**Exercise inputs:**
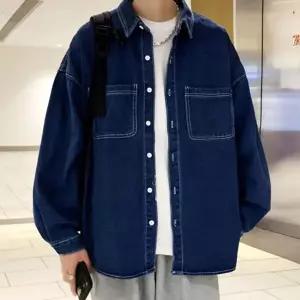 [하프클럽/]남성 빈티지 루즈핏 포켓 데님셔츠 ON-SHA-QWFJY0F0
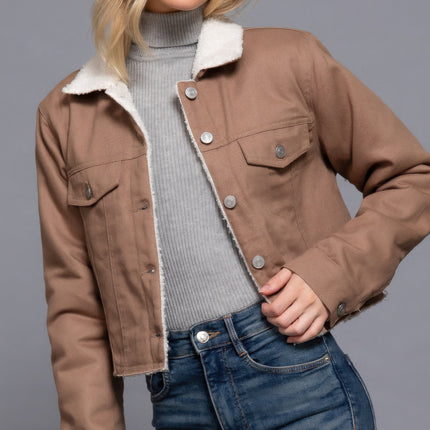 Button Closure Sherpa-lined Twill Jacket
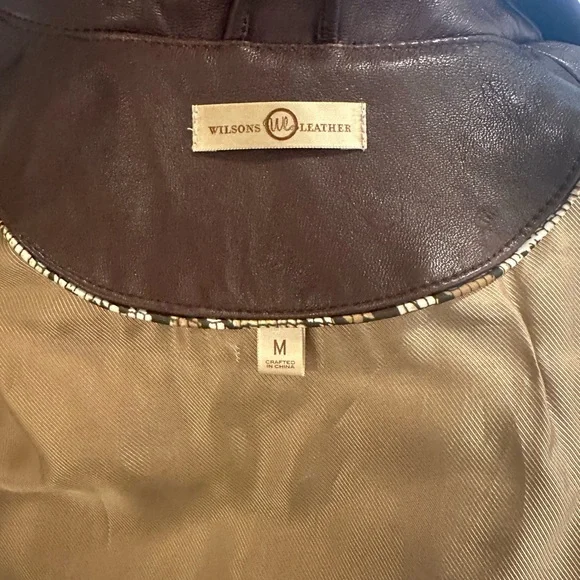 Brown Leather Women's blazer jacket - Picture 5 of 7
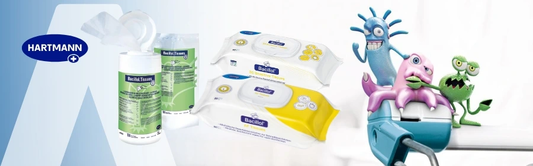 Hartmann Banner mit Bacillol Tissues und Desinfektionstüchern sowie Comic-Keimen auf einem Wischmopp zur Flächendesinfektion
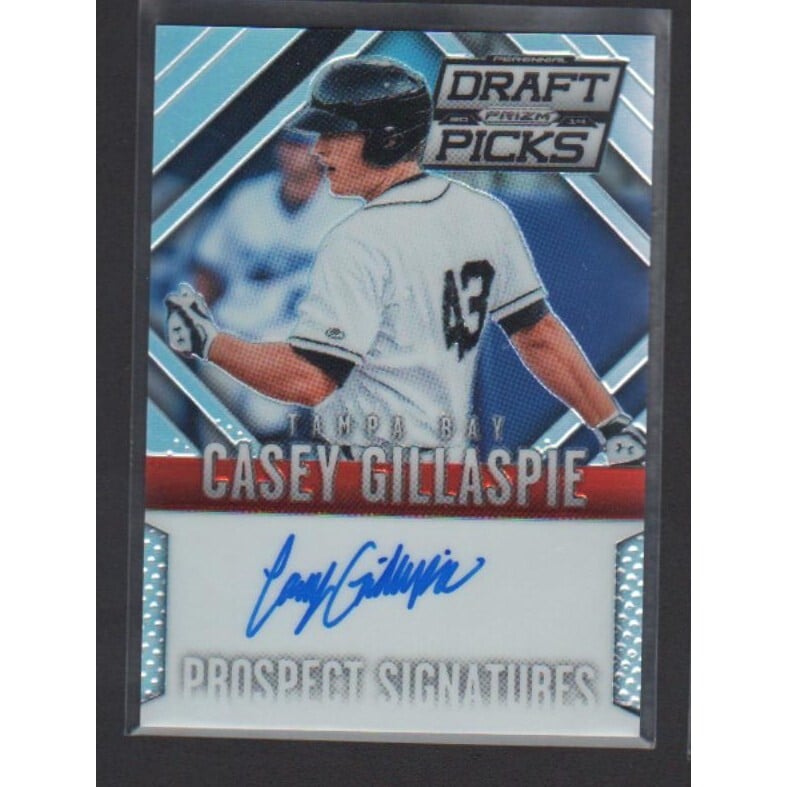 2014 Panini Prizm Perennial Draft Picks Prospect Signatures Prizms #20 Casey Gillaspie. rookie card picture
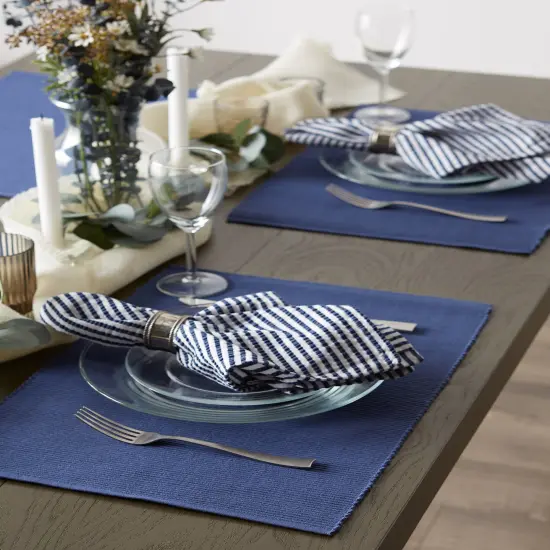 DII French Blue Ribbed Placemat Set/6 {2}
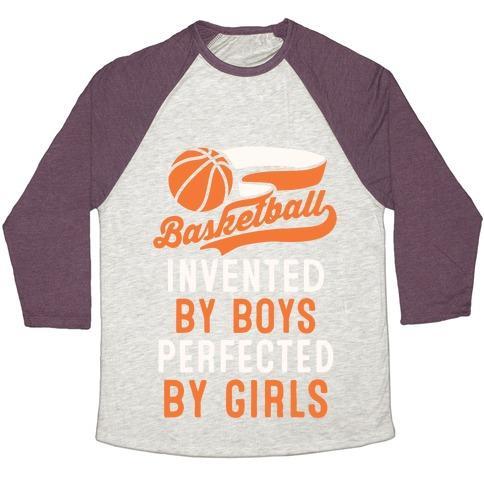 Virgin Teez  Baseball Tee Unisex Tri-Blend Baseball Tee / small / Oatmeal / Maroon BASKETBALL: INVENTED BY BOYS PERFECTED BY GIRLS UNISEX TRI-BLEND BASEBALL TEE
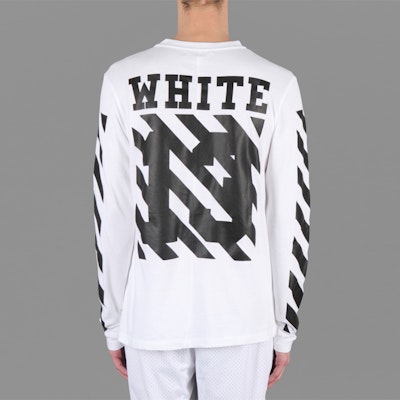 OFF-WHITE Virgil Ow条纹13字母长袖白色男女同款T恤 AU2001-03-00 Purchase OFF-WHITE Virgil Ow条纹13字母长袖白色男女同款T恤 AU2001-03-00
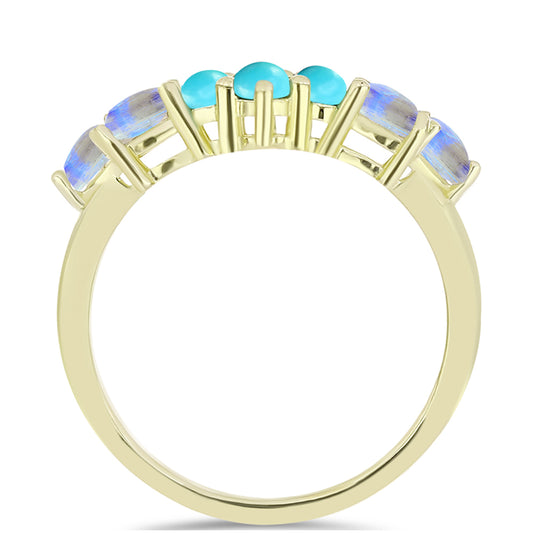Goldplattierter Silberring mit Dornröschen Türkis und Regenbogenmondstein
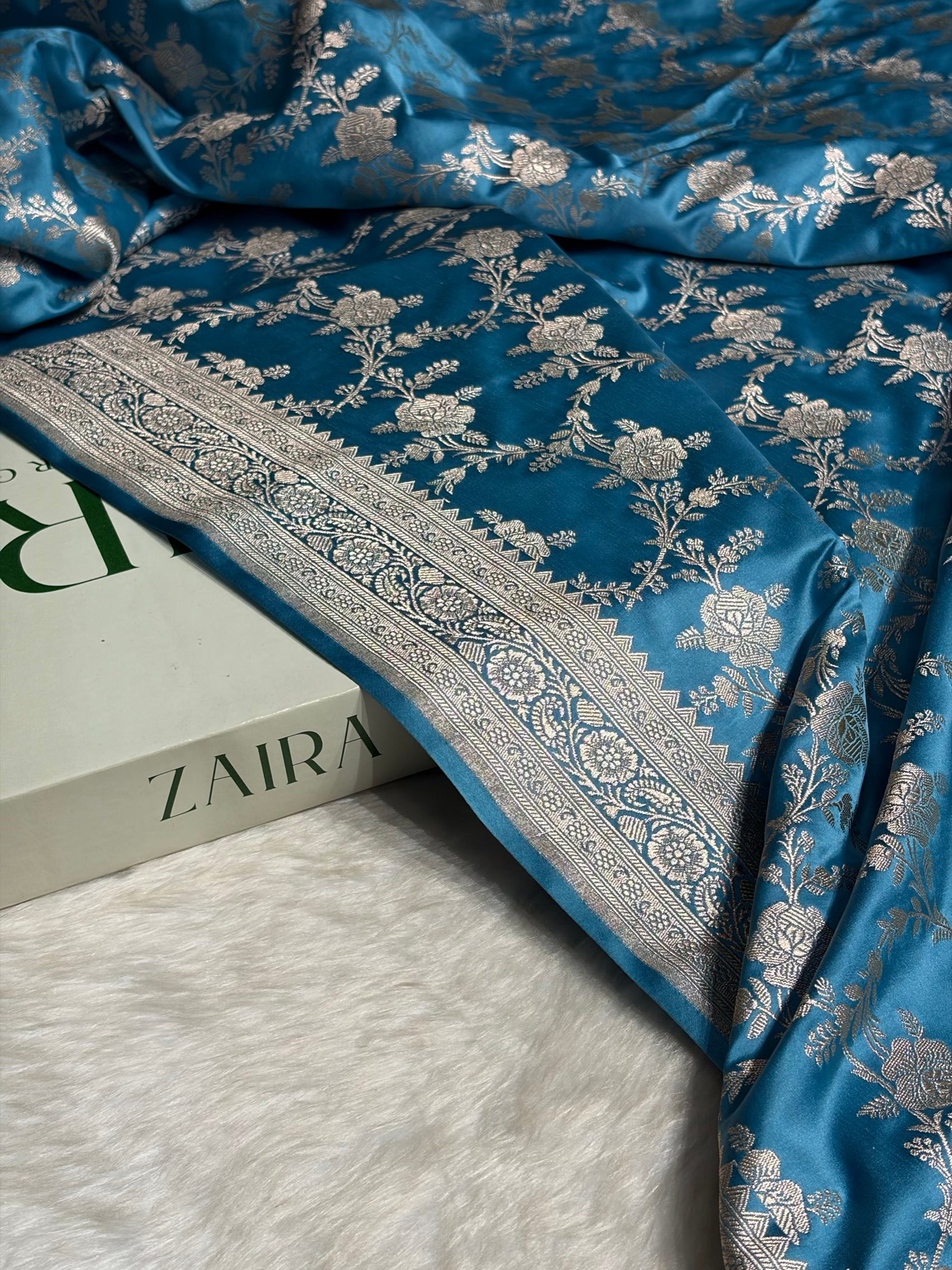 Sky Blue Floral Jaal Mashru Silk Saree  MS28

...

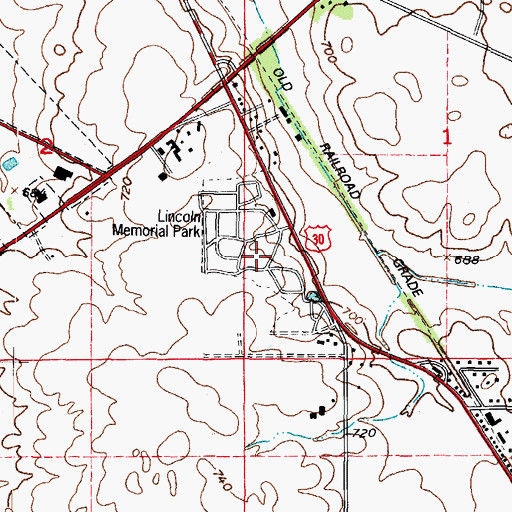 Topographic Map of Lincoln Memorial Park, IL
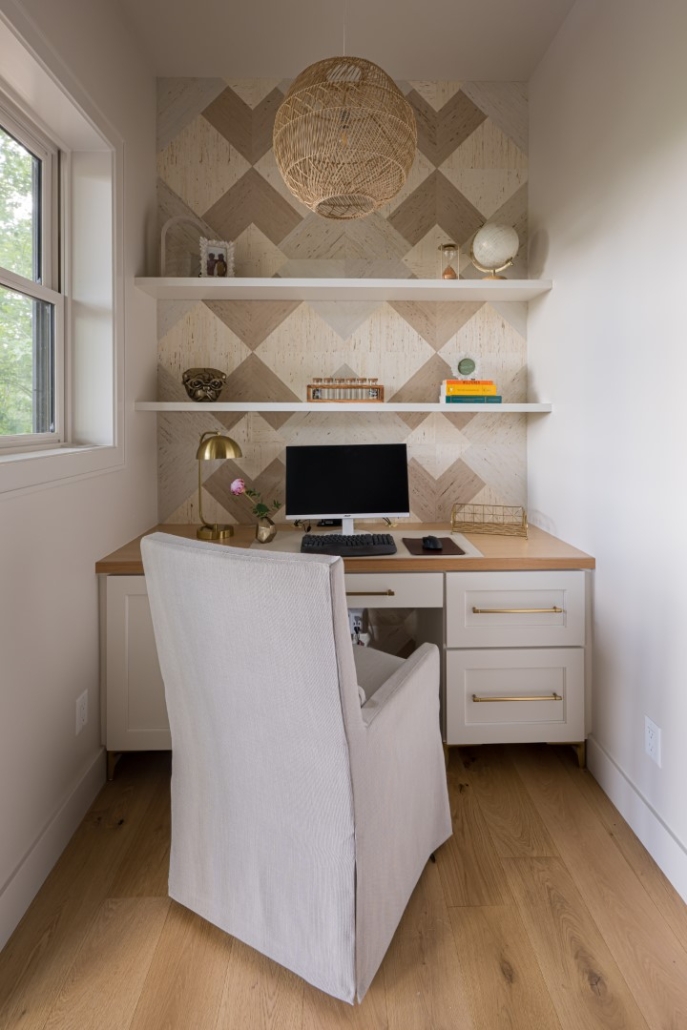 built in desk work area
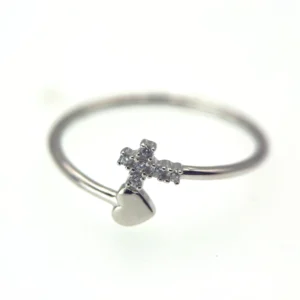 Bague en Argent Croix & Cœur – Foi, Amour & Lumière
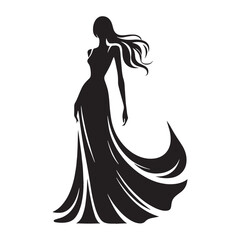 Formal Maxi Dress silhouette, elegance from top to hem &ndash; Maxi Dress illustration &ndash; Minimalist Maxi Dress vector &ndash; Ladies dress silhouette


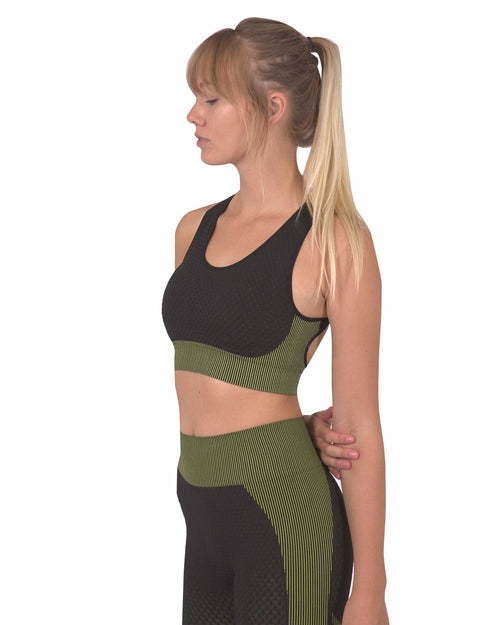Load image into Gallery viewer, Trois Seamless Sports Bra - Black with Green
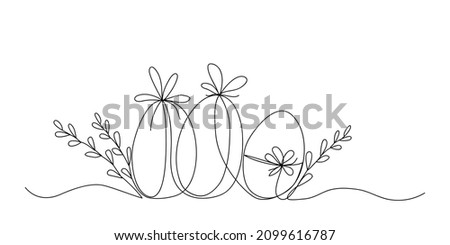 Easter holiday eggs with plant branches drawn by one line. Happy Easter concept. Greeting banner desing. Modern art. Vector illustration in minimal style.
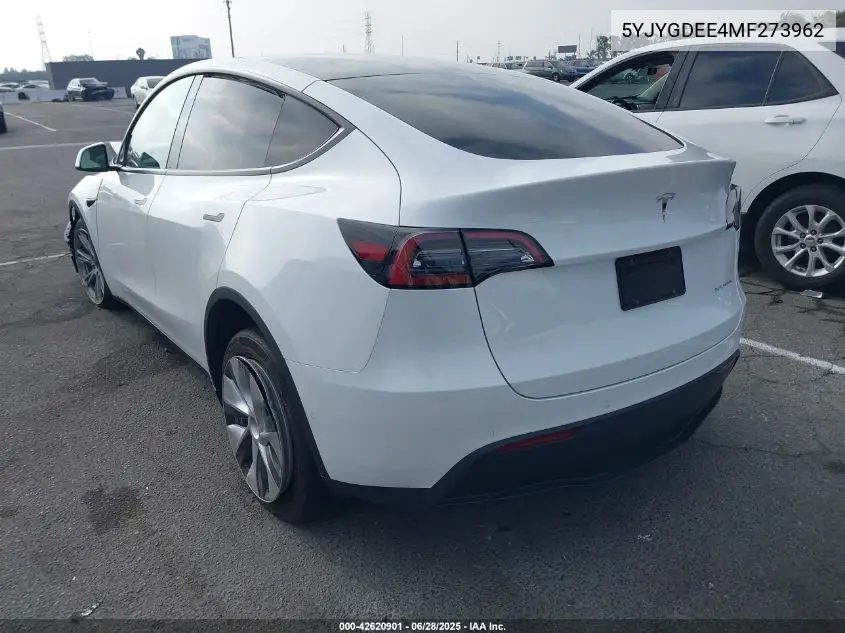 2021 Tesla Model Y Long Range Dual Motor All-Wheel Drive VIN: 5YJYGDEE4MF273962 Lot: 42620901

**Instructions for the task:**
Both boundary lines included, write out word for word only the lines above from the one containing "Formal Maxi Dress" to the one containing "2021 Tesla Model", leaving out any pictures.

**Your response:**
 Formal Maxi Dress silhouette, elegance from top to hem &ndash; Maxi Dress illustration &ndash; Minimalist Maxi Dress vector &ndash; Ladies dress silhouette


Load image into Gallery viewer, Trois Seamless Sports Bra - Black with Green
 Easter holiday eggs with plant branches drawn by one line. Happy Easter concept. Greeting banner desing. Modern art. Vector illustration in minimal style.
 2021 Tesla Model Y Long Range Dual Motor All-Wheel Drive VIN: 5YJYGDEE4MF273962 Lot: 42620901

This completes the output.